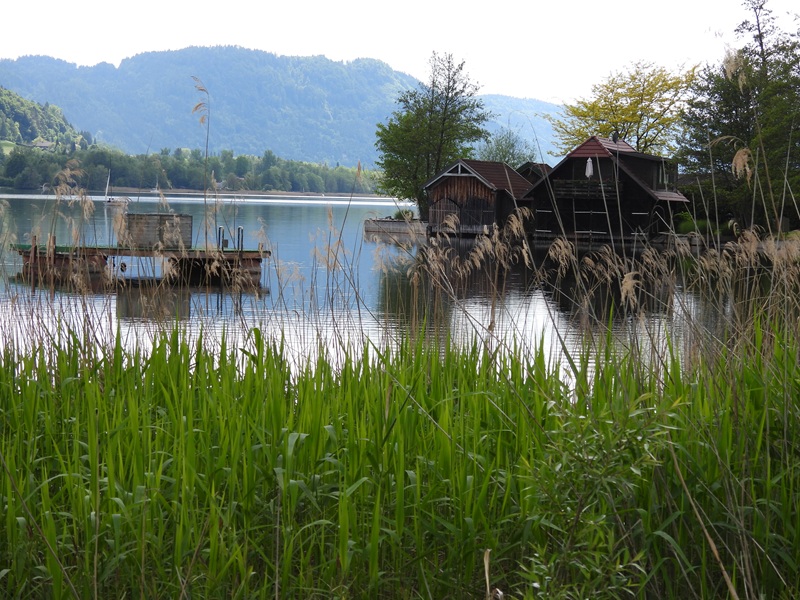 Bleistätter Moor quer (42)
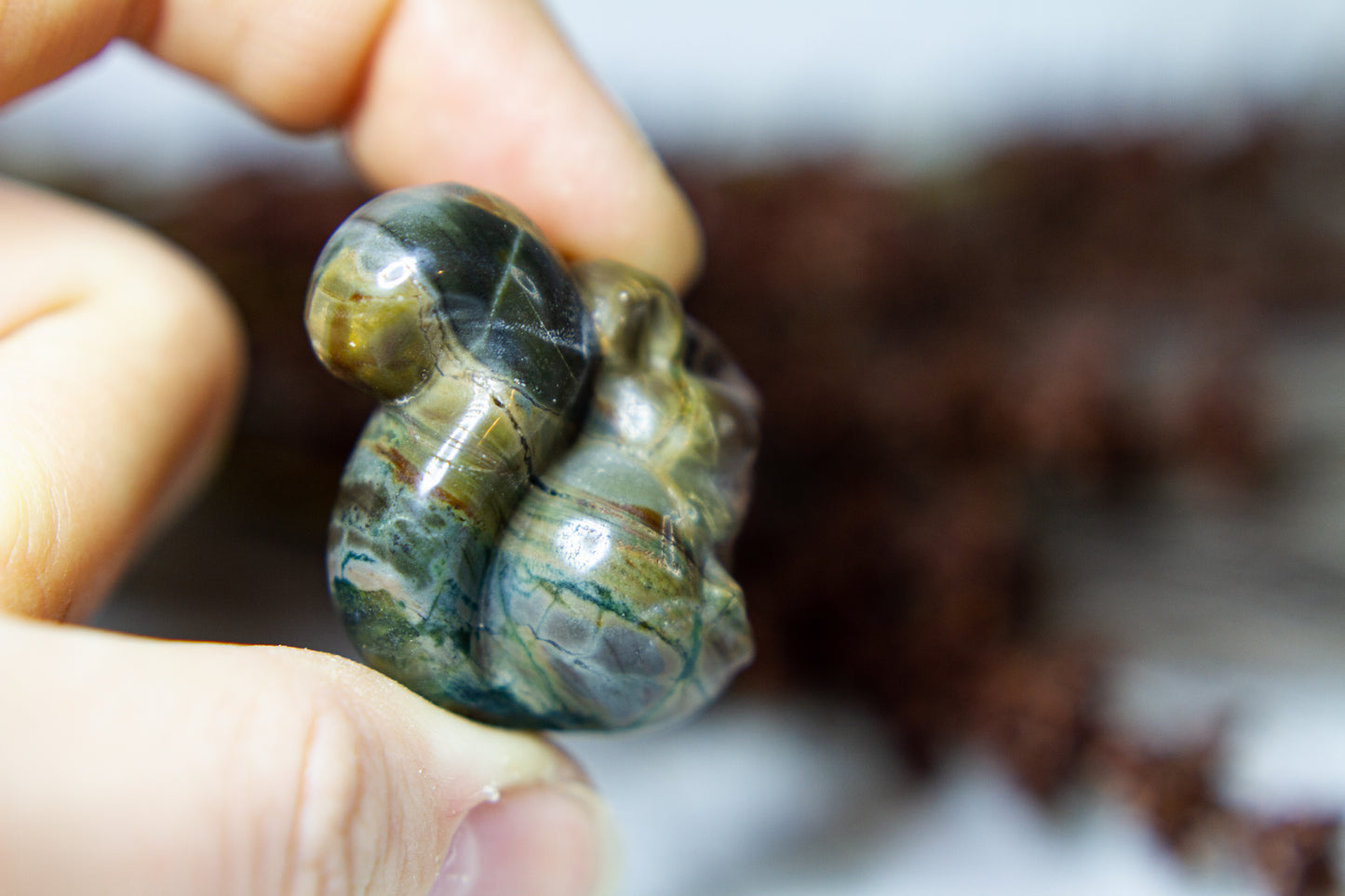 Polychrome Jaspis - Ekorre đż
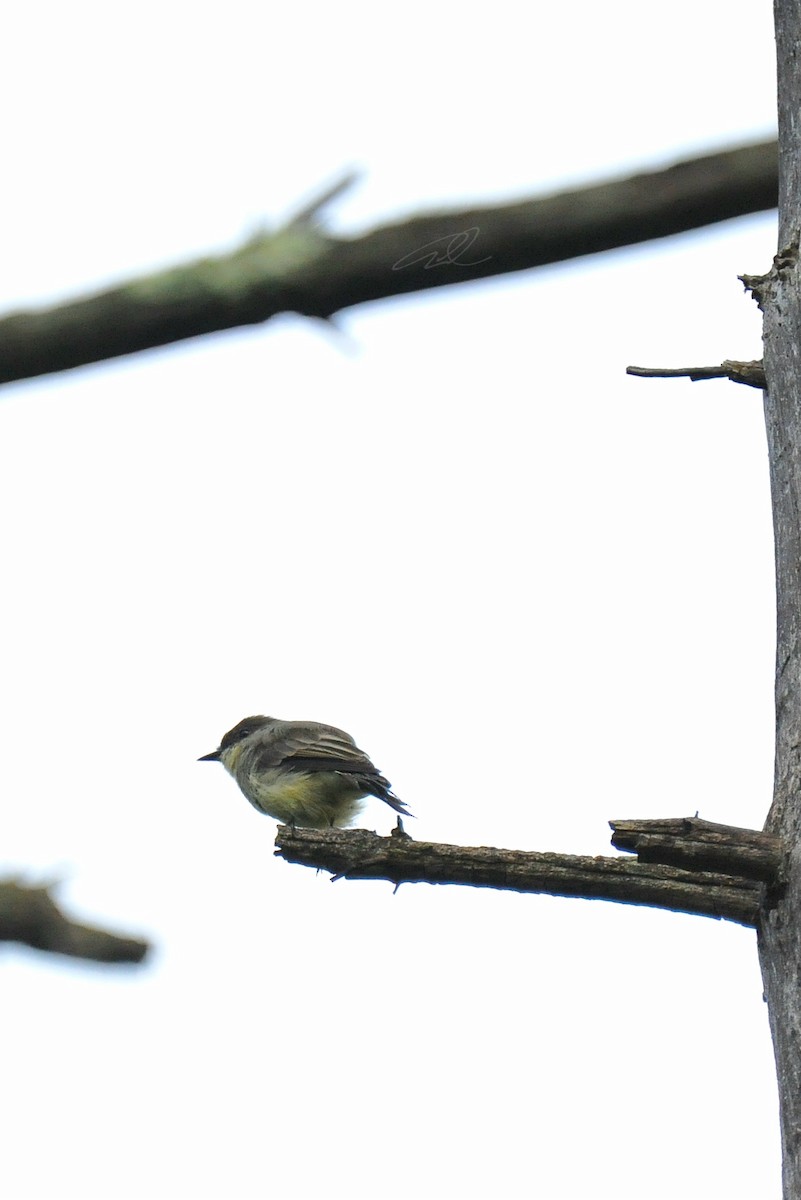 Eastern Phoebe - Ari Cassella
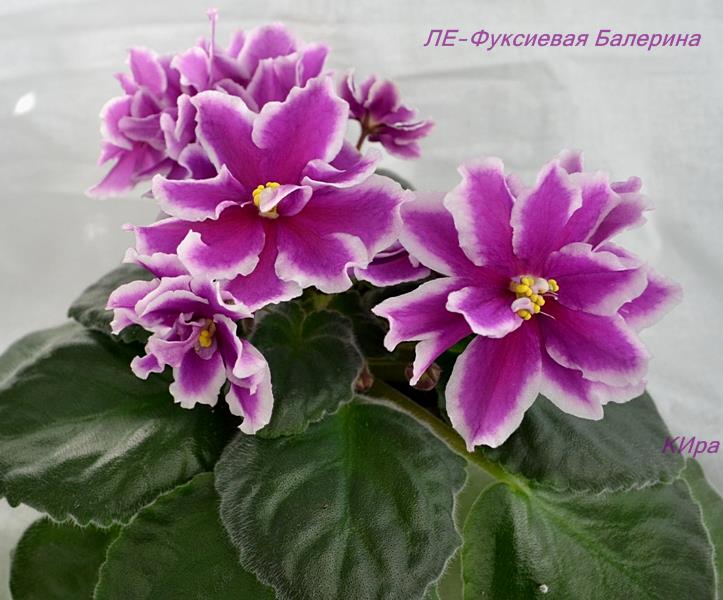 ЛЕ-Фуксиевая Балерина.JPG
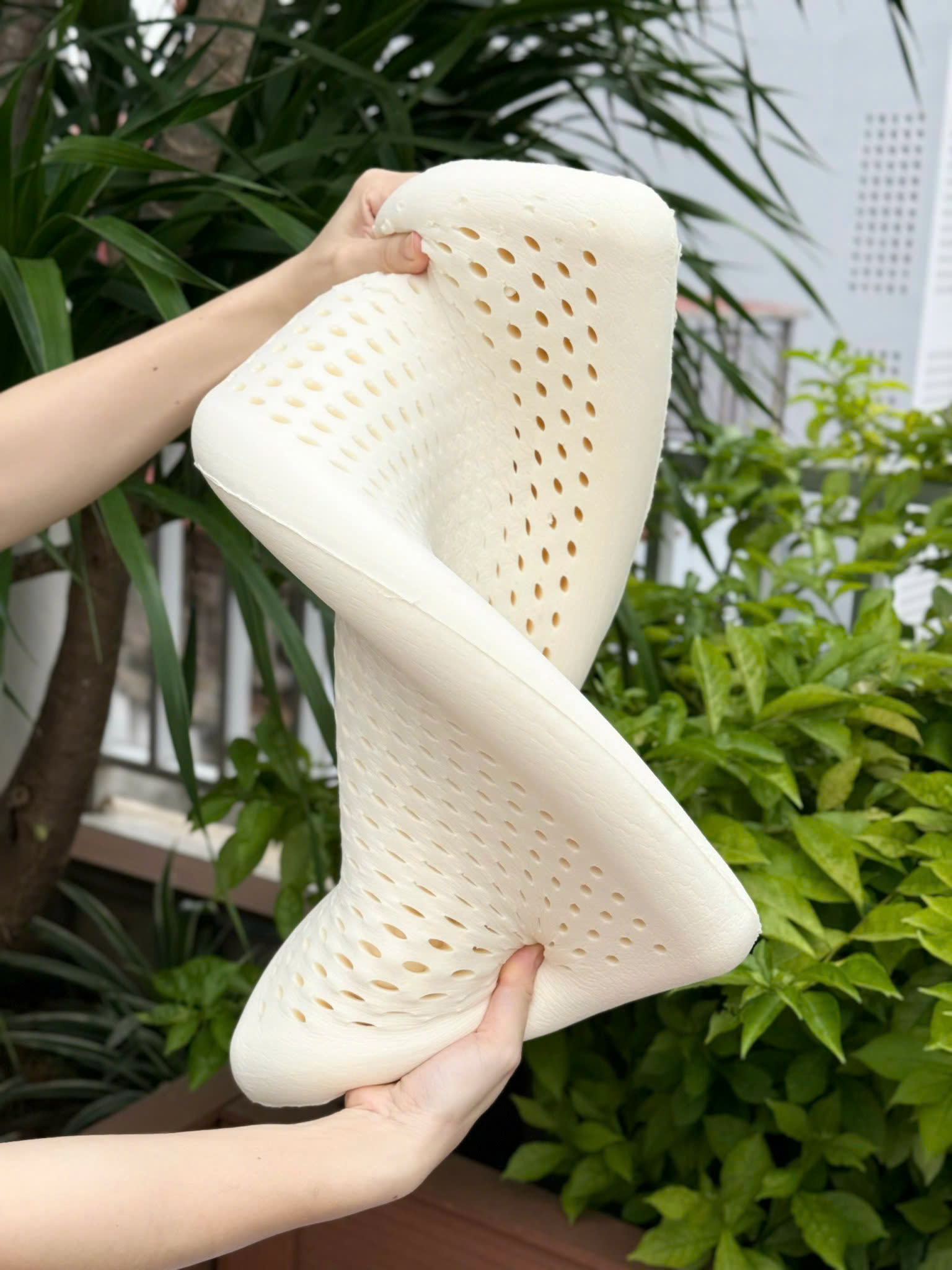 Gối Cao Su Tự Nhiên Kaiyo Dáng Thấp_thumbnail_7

========================================

▸ **Work request**
Your answer must be the lines from the one containing "ЛЕ-Фуксиевая Балерина.JPG" through the last line of the records, both included, written out exactly and without pictures.

▸ **Task output**
 ЛЕ-Фуксиевая Балерина.JPG
 Gối Cao Su Tự Nhiên Kaiyo Dáng Thấp_thumbnail_7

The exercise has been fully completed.